Don’t give up your day job etc.
November 13, 2011 § Leave a comment
So we have this doll house.
Me: We need to shift this doll house.
Richard: Okay. PRICE CRASH ON DOLL HOUSE! ONE DAY ONLY!
This is typical.
Me: No, I mean we should move it. At night.
Richard: What are we, cat burglars? Why do we have to move it under cover of darkness?
Me: Because if we move it at night the kids probably won’t even notice it’s gone, on account of the fact that they apparently do not know it exists. Because they haven’t played with it for AGES despite begging for a doll house for months. But if we move it during the daytime the kids will be all (folded arms, narrowed eyes) “Where do you think you’re taking the doll house, motherfuckers?”
Richard: They will not say “motherfuckers”. They do not even know that word.
Well, this is awkward.
Me: But I want my lounge room back. The doll house is in the middle of the lounge room!
Richard: It is not in the middle of the lounge room. It is up against the wall.
Me: You know, I’ve always thought of that wall as a fireplace, but whatever, expert.
Richard: It’s equivalent to a wall. It’s a wall substitute.
Me: Oh, so just because our lounge room has three doors and two couches and a television and a coffee table instead of walls, the fireplace gets ‘wall’ status?
Richard: Yes, because we haven’t used the fireplace in five years.

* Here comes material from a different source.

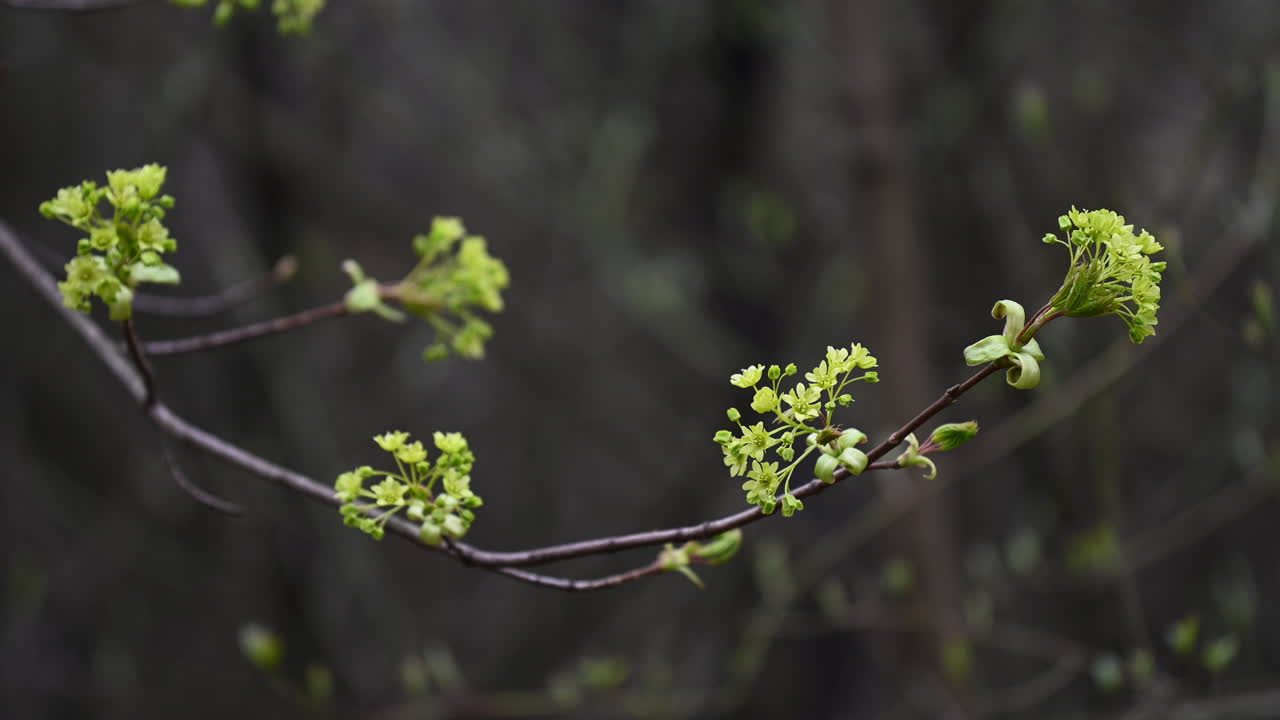 hoja abierta en el árbol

Me: And those were cold, cold years, I’ll have you know. I had to huddle under stuffed animals.
Richard: Those are whippets. Look, they’re over there, lying on our couch.

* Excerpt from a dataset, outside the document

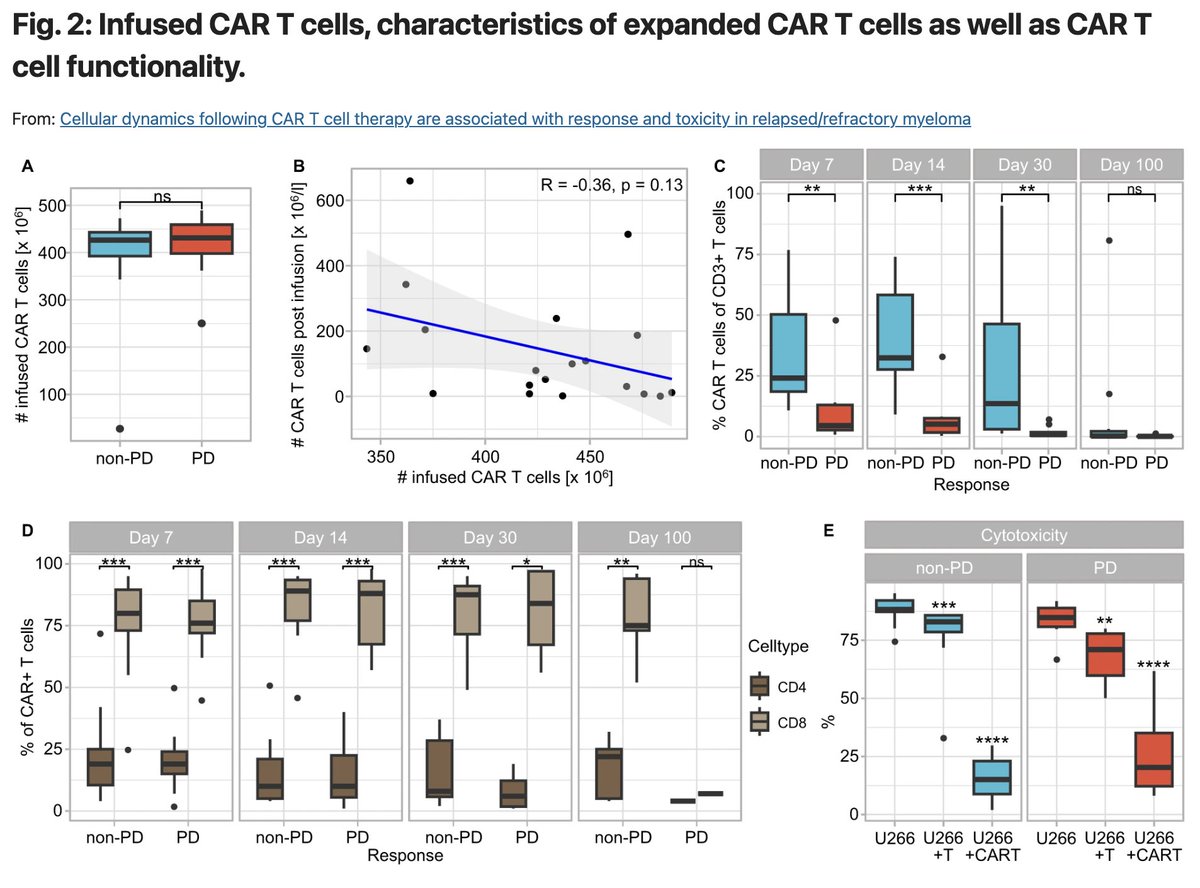 Now in @LeukemiaJnl: amazing #MMsm work by Fischer et al (senior author Merz) with ide-cel! Same principle as with CD19... All CAR T-cells are created equal, but CD8s matter more! And predestination at play? 'Cell composition at day of leukapheresis determines response.' 🤯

Me: Wishing there was a fire.
He pretends to ignore this.
Richard: Also, we have central heating. And air conditioning, which will come in handy since it is nearly Summer.
Me: But when Winter comes, I might want to sit by the fire. Just think how romantic that would be. And then I’d be all “Motherfucker! There’s a doll house in front of the fire place.”
Richard: Then you won’t have to move it very far to burn it.
November 6, 2011 § Leave a comment
Mi scusi, Mister Giro, but I’ve written you a poem, and
If it’s not too much trouble, would you call the boss and show him?
You’ll remember, several weeks ago, you ran a game on Twitter.
My prize has not arrived yet and I promise I’m not bitter, BUT
I put some entries in it and one made the chosen ten, so:
Please send me a maglia and I’ll never ask again.
My tweet, voted a winner, will be on the leader’s shirt!
The others didn’t make it but I promise I’m not hurt.
Pink’s my favourite colour. You should see my drawer of socks!
Just hang on for a second, while I check the letter box.
No shirt. But I’ll continue, for I like “getting my verse on”.
Maybe it will help if I express it in third person:
“Leonie wrote a poem for the maglia comp on Twitter.
She isn’t very large, so send a SMALL and it should fit her.”
You’ll gather I’m excited (listen up for one more minute),
A jersey worn by Contador! Assuming he is in it.
Though, perhaps the maglia rosa will be worn by Andy Schleck.
Climbing fast (while looking backwards) on a light and shiny Trek.
Though, really, I’d be happy if an Aussie won the Giro.
I’m sure you’ve heard of Evans, the Antipodean hero.
Look, I understand you wouldn’t want a slowpoke in this tee,
But I’m not planning to wear it. I will FRAME it! You will see!
Now I know you’re on a budget, but there’s really nothing to it.
(I could send some “compensation” through. Would twenty dollars do it?)
I’m not the type to cause a scene or awkward controversy.
I’m sure you’re printing hundreds, though, so please: SEND ME A JERSEY.
UPDATE: I won some hearts (apparently!) and a jersey is on its way.